## WHAT TO WORK ON
Up to and including the line that contains "Canon EOS 60D", write out every line of the entries exactly, beginning with the first. Omit the pictures.

## RECORDS FOR THE EXERCISE
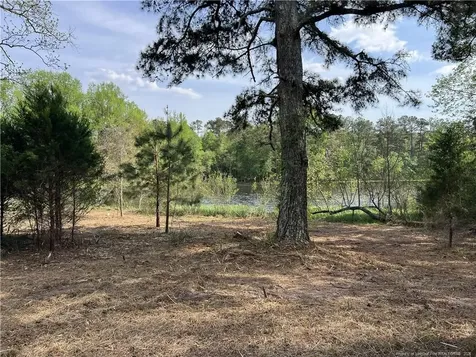 Tbd (9 Acres) Nc 27 W Lillington NC 27546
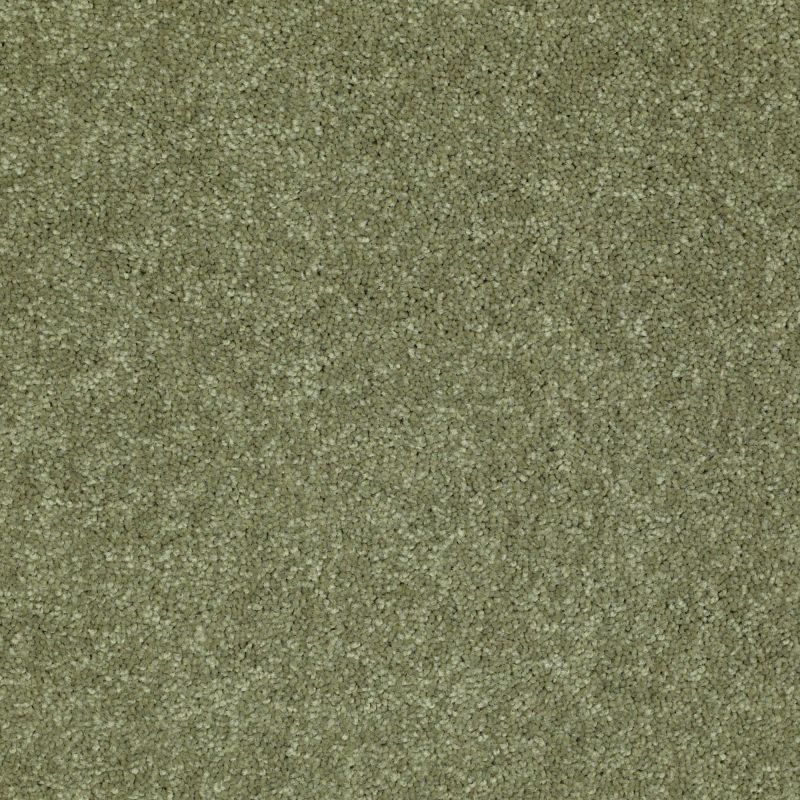 Shaw Floors Value Collections Newbern Classic 12' Net Going Green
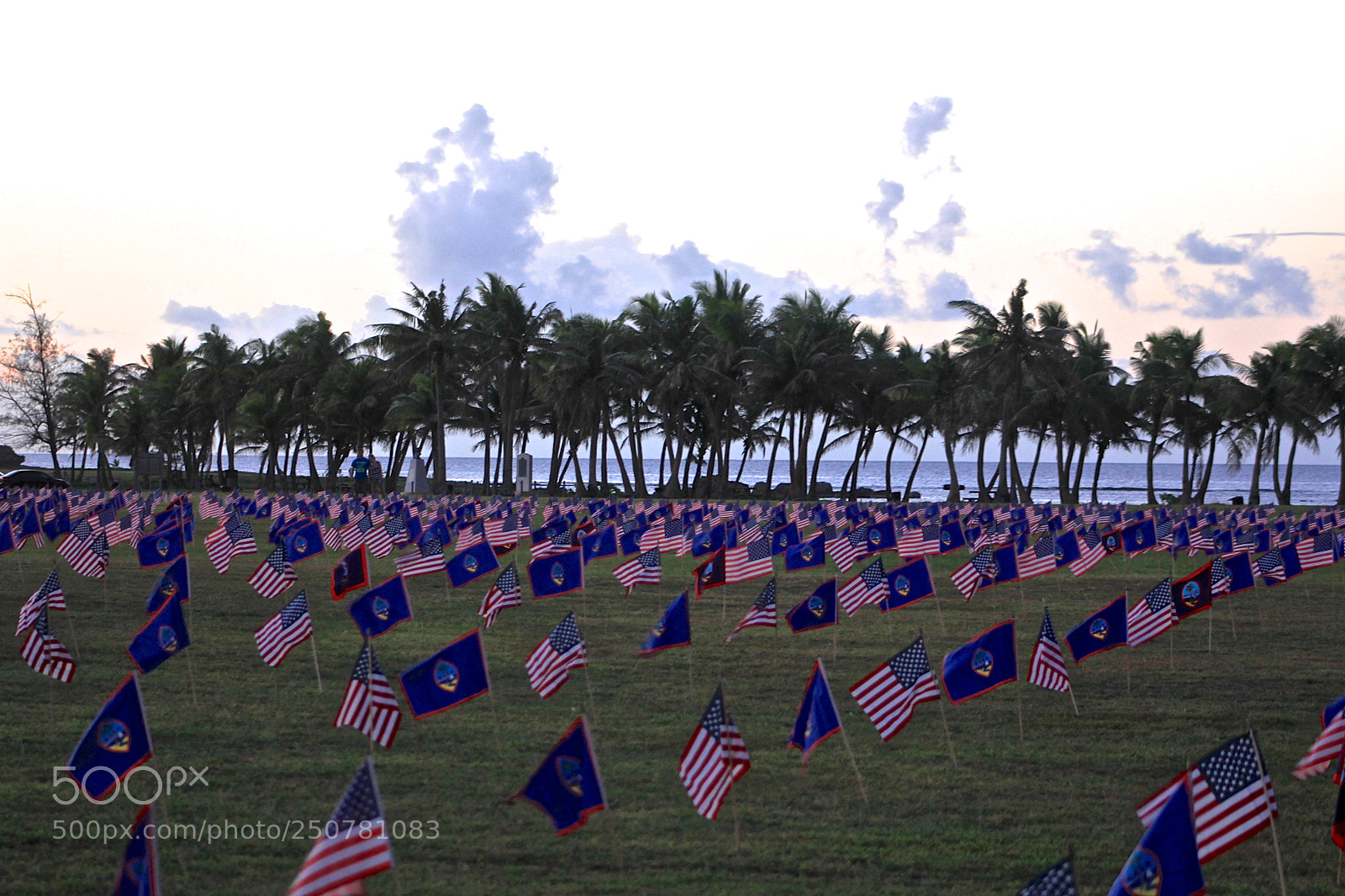 Canon EOS 60D sample photo. Memorial day usa on photography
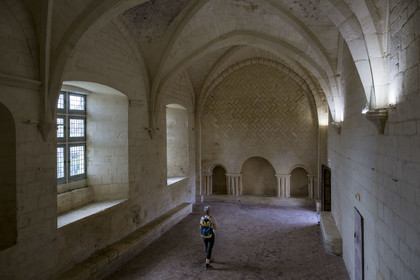 France, Charente Maritime, the former priory of Saint-Jean-l'Evangéliste de Trizay, called the abbey of Trizay, houses a contemporary art center, the 15th-16th century refectory and its ceiling paintings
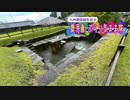 【ゆっくり】鹿児島 ぶらり気まま旅 その3 観光スポット巡り（城山公園／仙巌園 編）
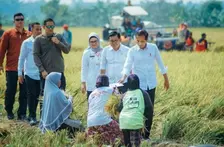 Jokowi Cek Hasil Panen Padi di Indramayu: Produksi Beras Nasional Masih Baik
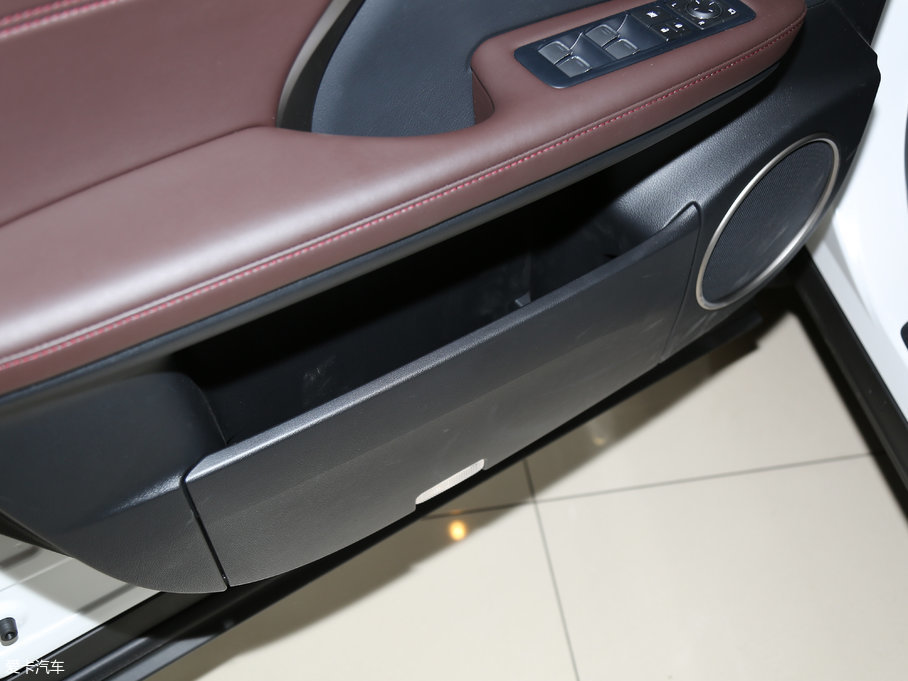 2016׿_˹RX 300 (q)A V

## YOUR RESPONSE
 Tbd (9 Acres) Nc 27 W Lillington NC 27546
 Shaw Floors Value Collections Newbern Classic 12' Net Going Green
 Canon EOS 60D sample photo. Memorial day usa on photography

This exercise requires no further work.